*** Opening of Input for this task ***

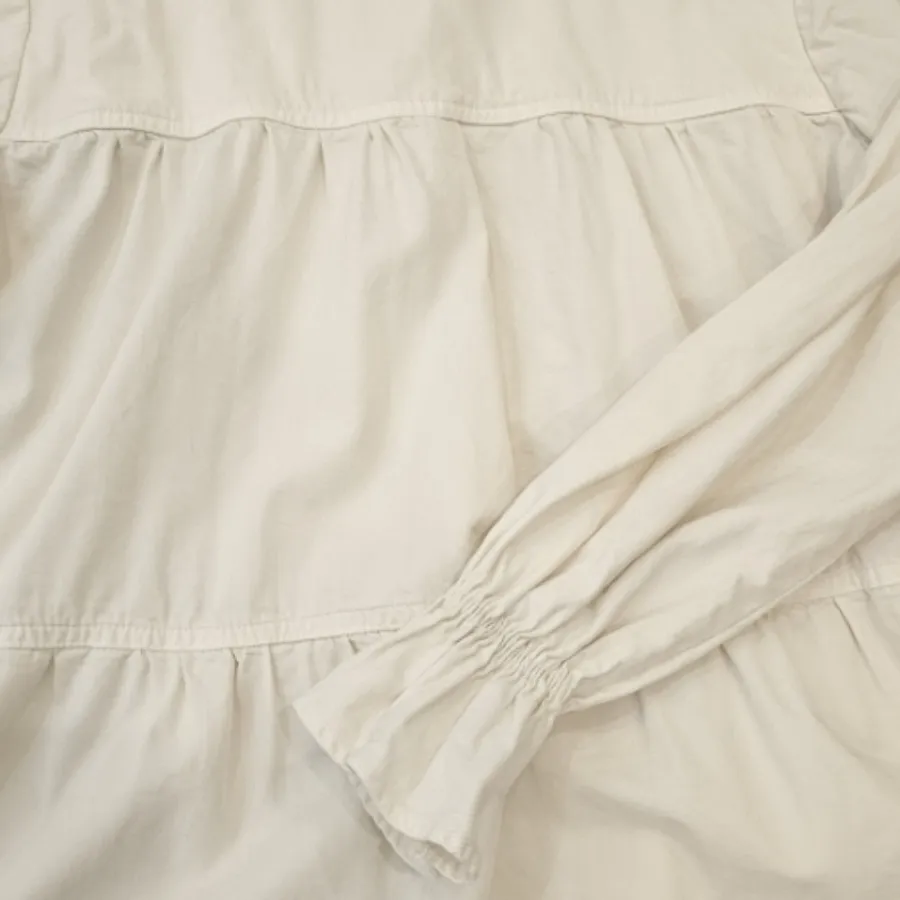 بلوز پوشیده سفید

*** Close of Input for this task ***
*** Opening of Input for this task ***

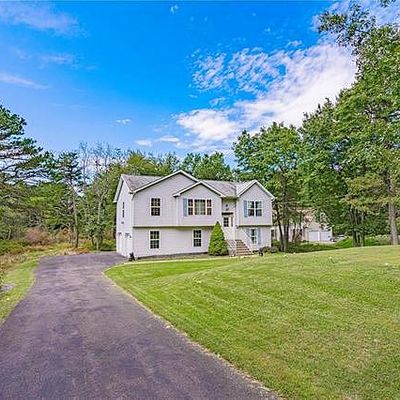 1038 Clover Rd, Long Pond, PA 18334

*** Close of Input for this task ***
*** Opening of Input for this task ***

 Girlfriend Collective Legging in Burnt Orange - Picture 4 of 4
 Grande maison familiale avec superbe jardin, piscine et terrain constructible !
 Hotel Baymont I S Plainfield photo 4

*** Close of Input for this task ***

(Task requirements)
An exact copy of the lines above, from the one containing "Girlfriend Collective Legging" down to the one containing "Hotel Baymont I S Plainfield photo 4" and including both, is the whole answer; retype it and nothing else.

(Expected output)
 Girlfriend Collective Legging in Burnt Orange - Picture 4 of 4
 Grande maison familiale avec superbe jardin, piscine et terrain constructible !
 Hotel Baymont I S Plainfield photo 4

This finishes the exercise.